If you’re like me, you switched your default browser over to Chrome years ago and never looked back. Chances are, before you made the switch, you used Firefox or — God forbid — Internet Explorer. What made Chrome stand out back then was its speed and simplicity, especially at a time when Firefox felt like it was getting slower and heavier with every update. But times have changed. It’s now time to give Firefox another chance.
Earlier this week, Mozilla, the nonprofit organization behind Firefox, launched the first beta of Firefox 57. That doesn’t sound like a big deal, but version 57 is the most important Firefox release in years. It’s the culmination of years of work on many of the moving pieces that the user never sees but that allow the browser to quickly display your Gmail inbox, YouTube video or cat forum.

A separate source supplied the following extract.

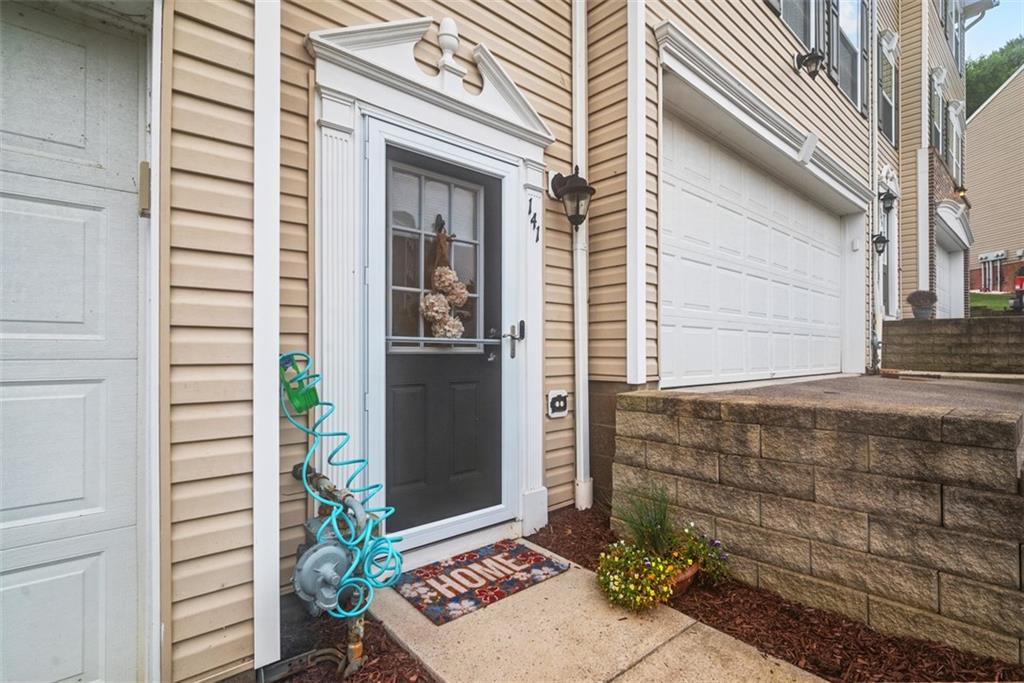 141 Rylie Drive Harmony, PA 16037 - Photo 30 of 31 If you like to wash your care or water your plants, the hose bib at the front of the unit can really come in handy.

To mark the fact that this is such a major release, Mozilla has dubbed this release “Firefox Quantum.”
It’s no secret that Mozilla squandered a lot of time and energy on various projects that went nowhere (think its mobile phone OS, IoT services, creating a built-in video chat service, etc.). The organization also got caught up in some political turmoil and it took a while for it to recover from all of this. There’s no point in belaboring this. What matters is that Mozilla seems to have found its groove and focus again — and it’s starting to show.
Over the course of the last few years, Mozilla’s engineers were hard at work on a couple of projects that are now finally coming to fruition. Building these took longer than expected (and maybe necessary), but with Quantum, Mozilla now offers a browser that’s worth installing again.
Many of the updates in Quantum come from Mozilla’s experimental Servo browser and engine. Servo was never meant to be released as a standalone project, but was basically the incubation chamber for the future of Firefox. That engine was written in Rust, a programming language Mozilla developed for exactly this kind of use case.
This means that, unlike previous versions, Firefox Quantum can now take full advantage of multiple CPU cores — especially when it comes to its CSS engine, which plays a major role in how fast a web page renders. Ideally, this also means Firefox now uses far less memory (and often this means it’ll actually use less memory than Chrome).
The team also used this release to introduce a new interface. This means that the rounded tabs are gone, for example. The new interface focuses on simplicity and speed. Like previous versions, you can still modify the interface to your heart’s desire, but that interface will now also look good on high-DPI screens and work better on laptops with touchscreens.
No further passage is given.